Saat melihat brosur mobil baru, terutama mobil listrik, kita sering disuguhkan dengan klaim jarak tempuh atau konsumsi bahan bakar yang fantastis. Angka-angka ini biasanya diikuti oleh akronim seperti NEDC, WLTP, atau CLTC. Apa sebenarnya arti dari “kode” tersebut dan mana yang paling bisa kita percaya? Mari kita bedah satu per satu.
Pada dasarnya, NEDC, WLTP, dan CLTC adalah standar atau metode pengujian untuk mengukur seberapa irit sebuah mobil (konsumsi BBM) atau seberapa jauh jarak tempuh mobil listrik dalam sekali pengisian daya. Perbedaan utamanya terletak pada seberapa realistis skenario pengujian yang mereka gunakan.
NEDC (New European Driving Cycle): Si Tua yang Terlalu Optimis
NEDC adalah standar lama yang digunakan di Eropa hingga tahun 2018. Metode ini sering dikritik karena pengujiannya terlalu “lembut” dan tidak mencerminkan kondisi berkendara di dunia nyata.
- Skenario Tes: Dilakukan di laboratorium dengan siklus yang sangat singkat (sekitar 20 menit), kecepatan rendah, dan akselerasi yang sangat halus.
- Hasil: Angka yang dihasilkan cenderung sangat optimis dan sulit dicapai dalam penggunaan sehari-hari. Jika Anda melihat mobil bekas dengan klaim konsumsi BBM berdasarkan NEDC, bersiaplah untuk hasil yang berbeda jauh di jalanan.
WLTP (Worldwide Harmonised Light Vehicles Test Procedure): Standar Emas Saat Ini
WLTP diperkenalkan untuk menggantikan NEDC dengan metode yang jauh lebih realistis dan ketat. Inilah standar yang kini banyak dianut oleh pabrikan global, termasuk yang memasarkan produknya di Indonesia.
- Skenario Tes: Pengujiannya lebih lama (30 menit) dan mencakup berbagai fase kecepatan: rendah, medium, tinggi, dan ekstra tinggi. Akselerasi dan deselerasinya pun lebih dinamis, mensimulasikan kondisi lalu lintas perkotaan hingga jalan tol.
- Hasil: Angka konsumsi BBM atau jarak tempuh yang dihasilkan oleh WLTP jauh lebih mendekati kenyataan. Meskipun mungkin masih ada sedikit selisih, angka ini bisa menjadi patokan yang lebih bisa diandalkan bagi konsumen.
CLTC (China Light-Duty Vehicle Test Cycle): Fokus pada Lalu Lintas Kota
Seperti namanya, CLTC adalah standar yang dikembangkan dan digunakan di Tiongkok. Metode ini dirancang khusus untuk merefleksikan karakter lalu lintas di negara tersebut yang padat dengan banyak kondisi stop-and-go.
- Skenario Tes: CLTC memiliki durasi yang sama dengan WLTP (30 menit) namun porsi pengujian pada kecepatan rendah dan menengah (simulasi perkotaan) jauh lebih dominan. Fase kecepatan tingginya lebih sedikit.
- Hasil: Karena fokus pada lalu lintas kota yang padat, angka jarak tempuh mobil listrik berdasarkan CLTC seringkali terlihat lebih tinggi (optimis) dibandingkan WLTP. Ini karena mobil listrik lebih efisien saat berjalan pelan dan sering melakukan pengereman regeneratif. Sebaliknya, untuk mobil bensin, hasilnya bisa jadi lebih boros dibanding klaim WLTP.

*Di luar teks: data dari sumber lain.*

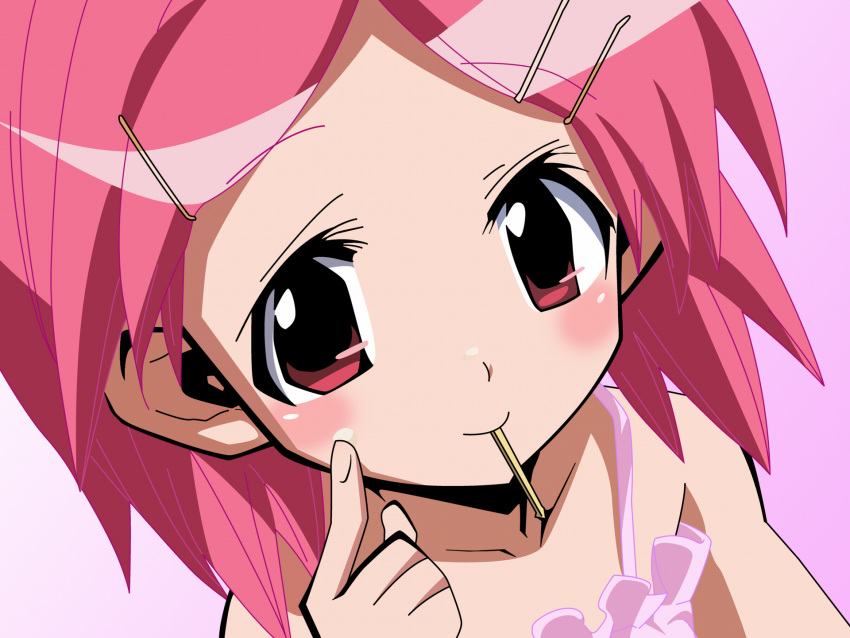 close mio needless tagme vector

Jadi, jika Anda membandingkan data konsumsi BBM atau jarak tempuh mobil, perhatikan standar pengujian yang digunakan:
- NEDC: Paling tidak akurat, anggap saja sebagai angka marketing.

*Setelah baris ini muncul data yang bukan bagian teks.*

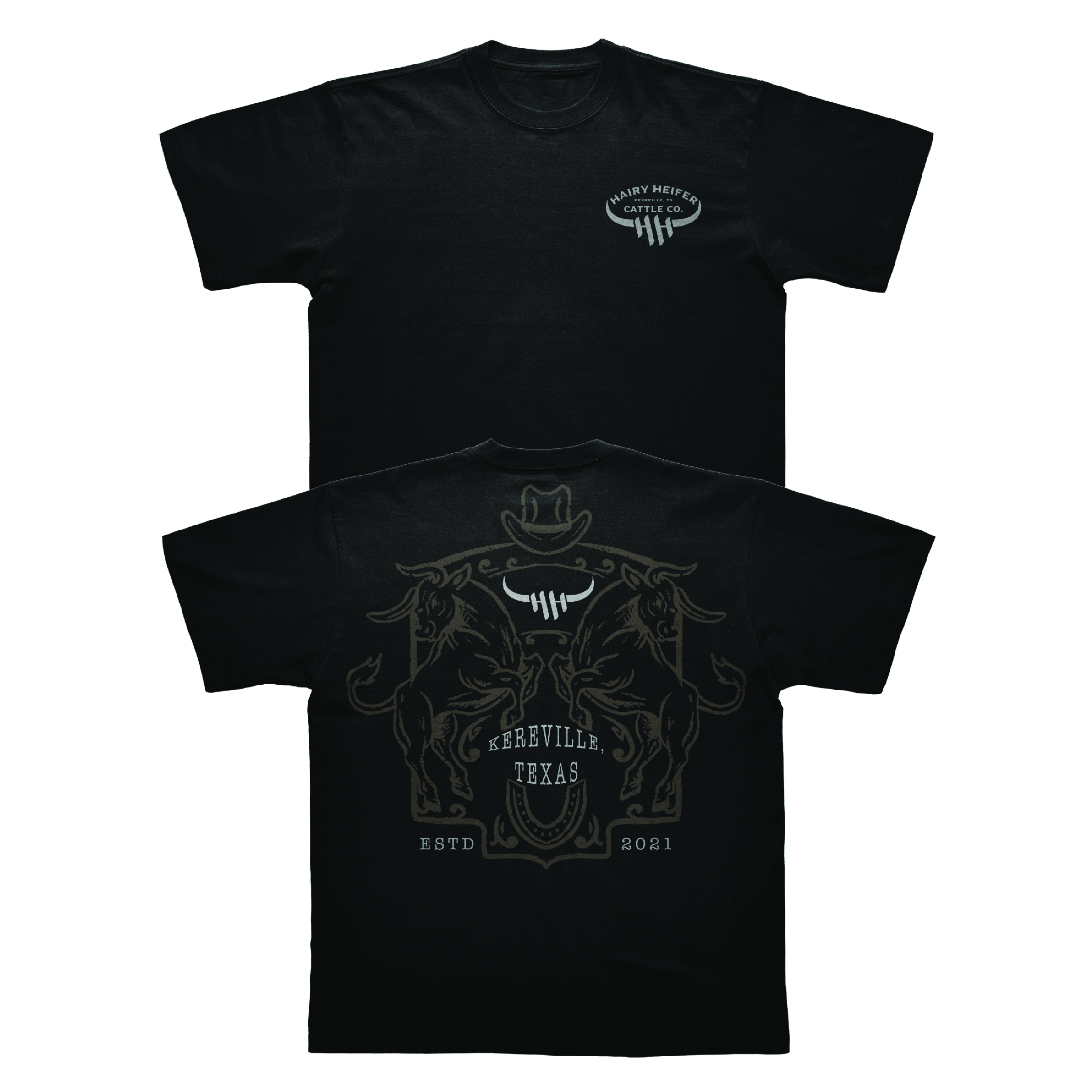 Diseño de Camiseta por Rifqi 7 para este proyecto | Diseño #36281406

- WLTP: Standar paling realistis dan seimbang saat ini, paling bisa dijadikan acuan utama.
- CLTC: Cukup akurat untuk skenario dalam kota, namun bisa jadi terlalu optimis untuk penggunaan di jalan tol atau luar kota.
Sebagai konsumen cerdas, jangan hanya terpaku pada angka di brosur. Jadikan standar WLTP sebagai patokan terbaik, namun tetap sadari bahwa gaya mengemudi, kondisi lalu lintas, dan beban kendaraan akan selalu menjadi faktor penentu utama konsumsi bahan bakar di dunia nyata.